- **DATA SUPPLIED**:
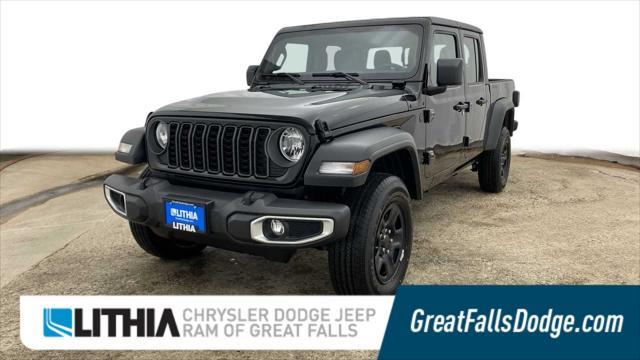 new 2024 Jeep Gladiator car, priced at $38,387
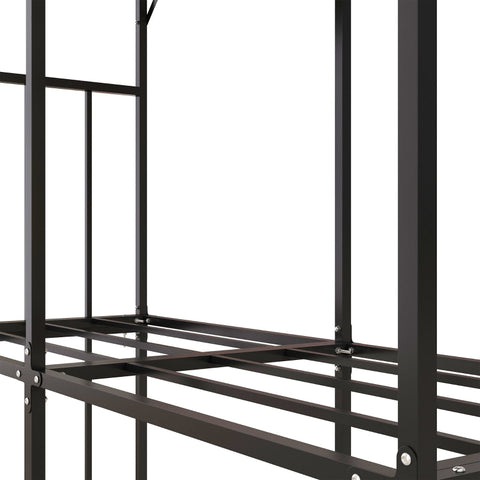 Rootz Firewood Rack - Wood Shelter - Log Store - Keeps Wood Dry - 186cm x 75cm x 185cm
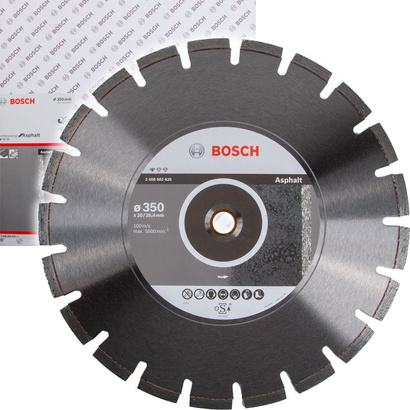 Bosch tarcza diamentowa do cięcia betonu, asfaltu 350mm Standard for Asphalt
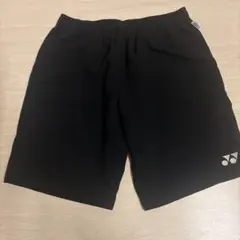 バドミントン ブラック ショートパンツ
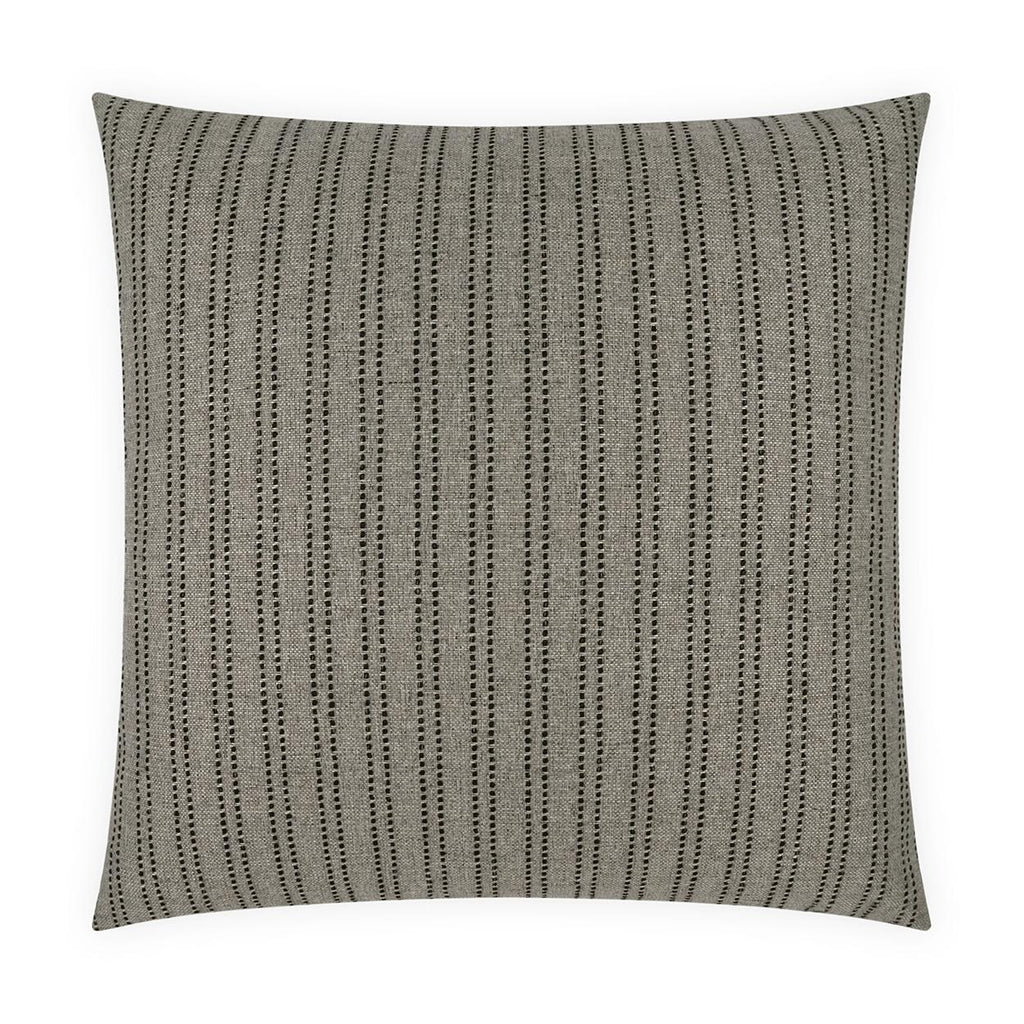 D.V. Kap Home Boxford Grey 24" x 24" Pillow Cover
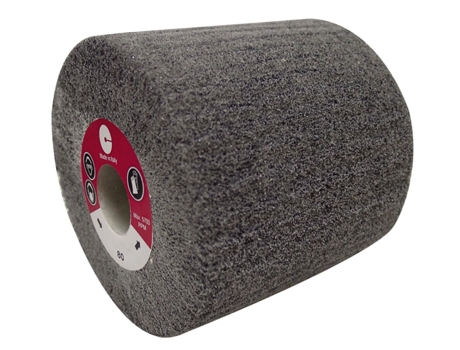 CALFLEX-RPFS100100S/VF-Rueda fibra de núcleo RPFS (Ø Ext. 110 mm Espesor 100 mm Núcleo 19K Grano 280-320)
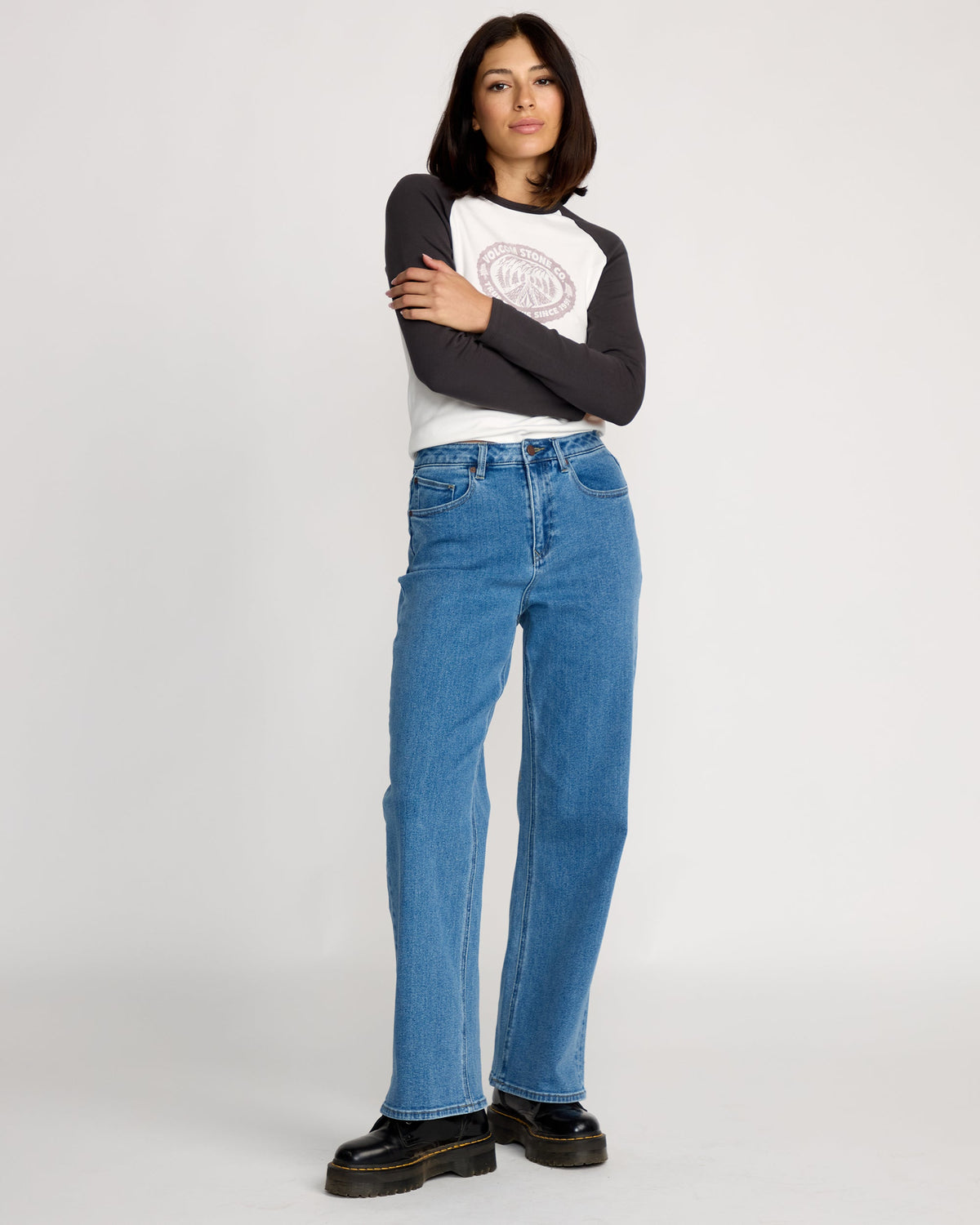 Women's Stoned Boyfriend High Rise Jeans | Volcom Latest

- **PROBLEM STATEMENT**: Pictures in the entries are to be skipped, and everything else repeated word for word.

- **OUTPUT OF THE TASK**:
 new 2024 Jeep Gladiator car, priced at $38,387
 Rootz Firewood Rack - Wood Shelter - Log Store - Keeps Wood Dry - 186cm x 75cm x 185cm
 Bosch tarcza diamentowa do cięcia betonu, asfaltu 350mm Standard for Asphalt
 バドミントン ブラック ショートパンツ
 D.V. Kap Home Boxford Grey 24" x 24" Pillow Cover
 CALFLEX-RPFS100100S/VF-Rueda fibra de núcleo RPFS (Ø Ext. 110 mm Espesor 100 mm Núcleo 19K Grano 280-320)
 Women's Stoned Boyfriend High Rise Jeans | Volcom Latest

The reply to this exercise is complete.